La même année, il épouse Claudine Boichon, fille d'un maître fourbisseur lyonnais, c'est-à-dire un artisan spécialisé dans le montage et le polissage d'armes blanches.
Le couple vit rue Bouteille dans le 1er arrondissement, près du quai Saint-Vincent. C'est là que naît leur unique enfant en 1779, Jean-Marie.
Le début de la traversée du désert
Joseph-Marie Jacquard se révèle être un piètre négociant en soie. Il fait de mauvaises affaires qui le conduisent à avoir de gros problèmes financiers. Pour faire vivre le ménage, sa femme doit fabriquer des chapeaux de paille.
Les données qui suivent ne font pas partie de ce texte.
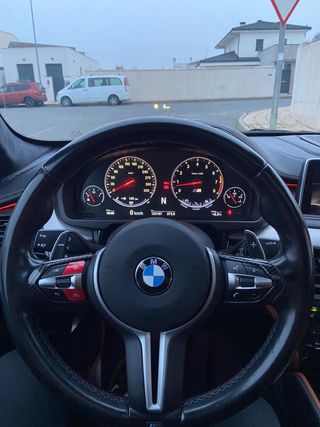 BMW X6M F86 IMPOLUTO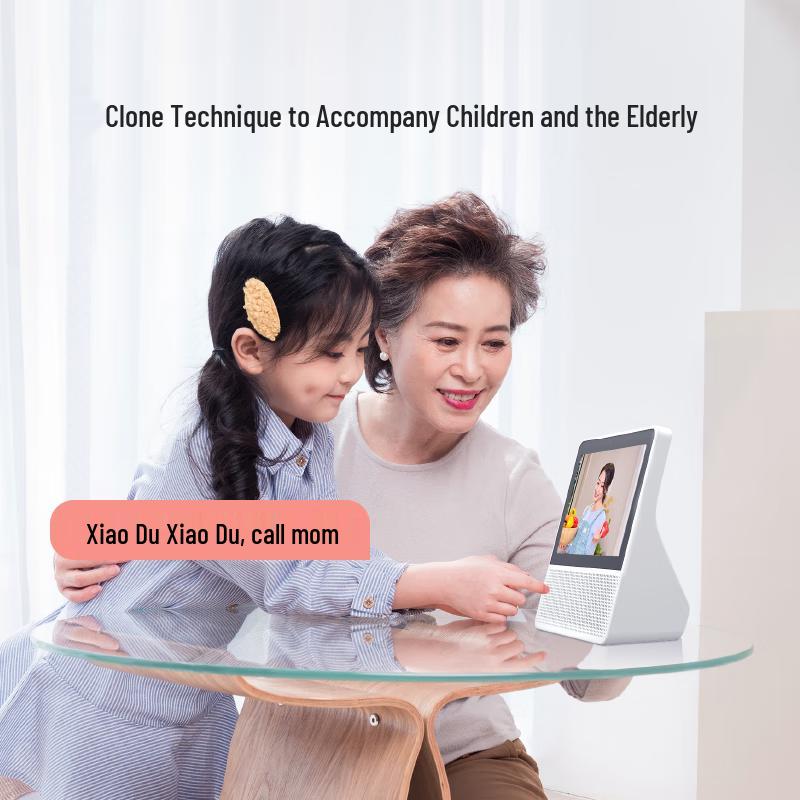 Xiaodu Smart Display 8C 8-дюймовый AI-динамик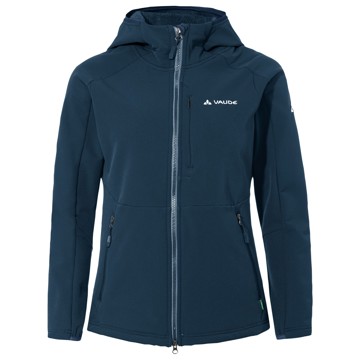 Jacke Vaude ELOPE STORMFLEECE HOODY Dark Sea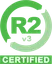 R2v3 Certified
Juste avant la Révolution, il abandonne son commerce et devient chaufournier, un ouvrier dans un four à chaux.
Comme beaucoup de Lyonnais, il s'enrôle dans l'armée girondine du général Précy pour défendre sa ville contre Robespierre et ses Ultras de la Révolution. Et il emmène même avec lui son fils qui n'a que 14 ans.
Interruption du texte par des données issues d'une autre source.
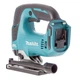 Лобзик акумуляторний Makita DJV182Z (26 мм, 800-3500 мин-1, LXT, BL, без акумуляторів та зарядного пристрою) - зображення 4
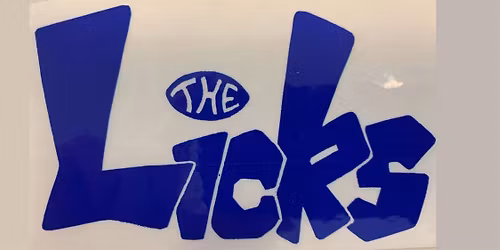 The Licks Reunion Show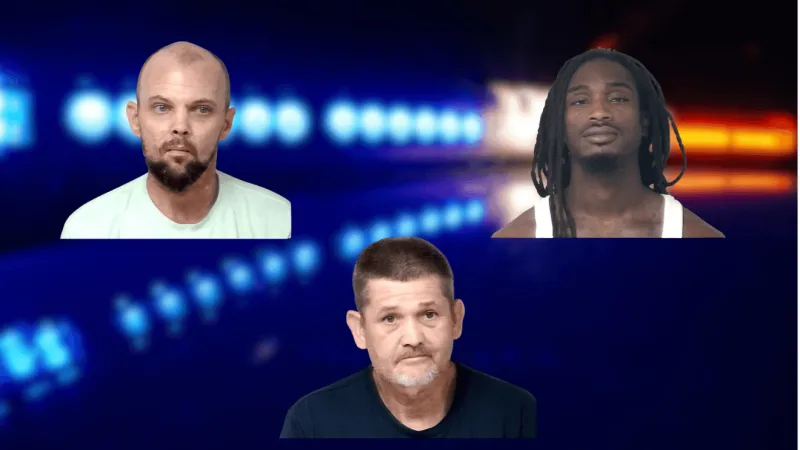 4 charged in separate Marion County drug investigations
Mais après un siège de cinq mois, Lyon tombe aux mains des Révolutionnaires et les Jacquard doivent se cacher pour sauver leur vie. Père et fils s'engagent ensuite dans l'armée du Rhin pour défendre la République contre les envahisseurs prussiens et autrichiens. Mais Jean-Marie est tué le 22 décembre 1793 à la bataille de Geisberg. Anéanti, son père rentre à Lyon.
Il retrouve une ville dévastée par les troupes de Fouché. Avec sa femme, ils survivent en confectionnant des chapeaux. Comme l'écrit Lamartine, "ils pleurèrent ensemble leur enfant, leur jeunesse, leur fortune et leurs espérances".
Joseph-Marie Jacquard est un obstiné. Depuis des années, il a une idée de génie en tête : améliorer le métier à tisser sur lequel travaillent les ouvriers en soie.
Il trouve un travail chez Pernon, un atelier de tissage très connu. Et, encouragé par son nouveau patron, il réfléchit à son nouveau système, étudie la mécanique, lit tous les ouvrages sur les techniques du tissage et finit par trouver la solution.
Le 23 décembre 1800, Joseph-Marie Jacquard a alors 48 ans et il obtient un premier brevet d'invention pour sa machine. Une nouvelle vie commence.
Les honneurs, les insultes et le désintérêt
Son métier à tisser est révolutionnaire car il supprime le tireur de lacs dans la fabrication des étoffes brochées et façonnées. Le tireur de lacs, c'est un ouvrier qui reste debout à côté du métier à tisser et qui tire les cordes pour soulever les fils qui permettent de composer les motifs d'un tissu. Un poste très pénible, mal payé et ne demandant aucune compétence particulière, généralement occupé par les femmes et les enfants, globalement traités comme des esclaves.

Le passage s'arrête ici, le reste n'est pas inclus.